▸ **Exercise objective**:
Before printing the listing, strip out its pictures and keep everything else exact.

▸ **Data excerpt**:
※ ※ ※

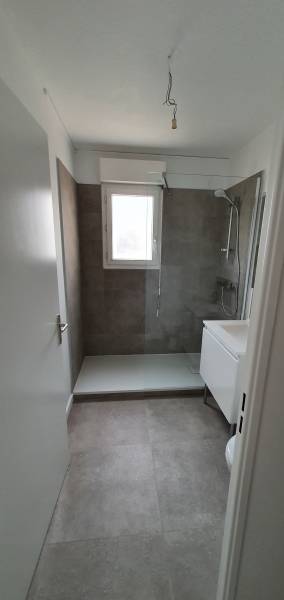 Coût pour refaire une salle de bain Hyères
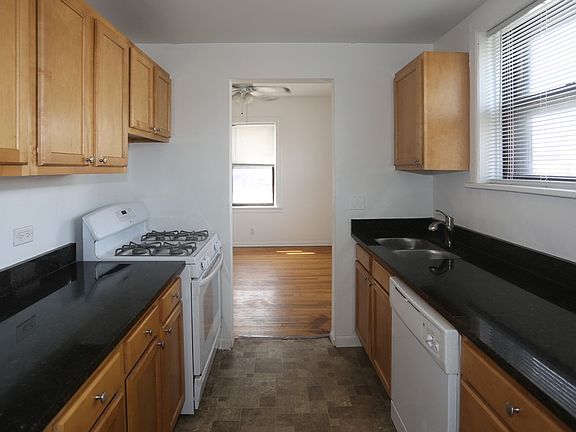 5th image of 740 W Aldine Ave APT 3W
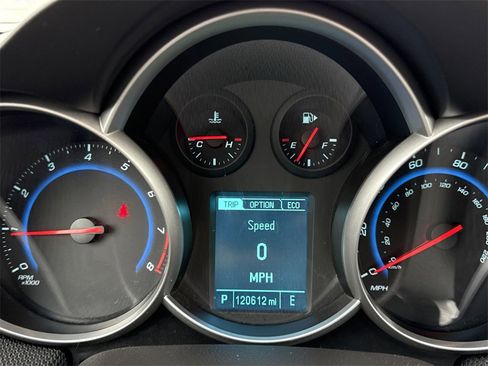 Used 2016 Chevrolet Cruze Eco image 28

※ ※ ※

▸ **Answer for this exercise**:
 Coût pour refaire une salle de bain Hyères
 5th image of 740 W Aldine Ave APT 3W
 Used 2016 Chevrolet Cruze Eco image 28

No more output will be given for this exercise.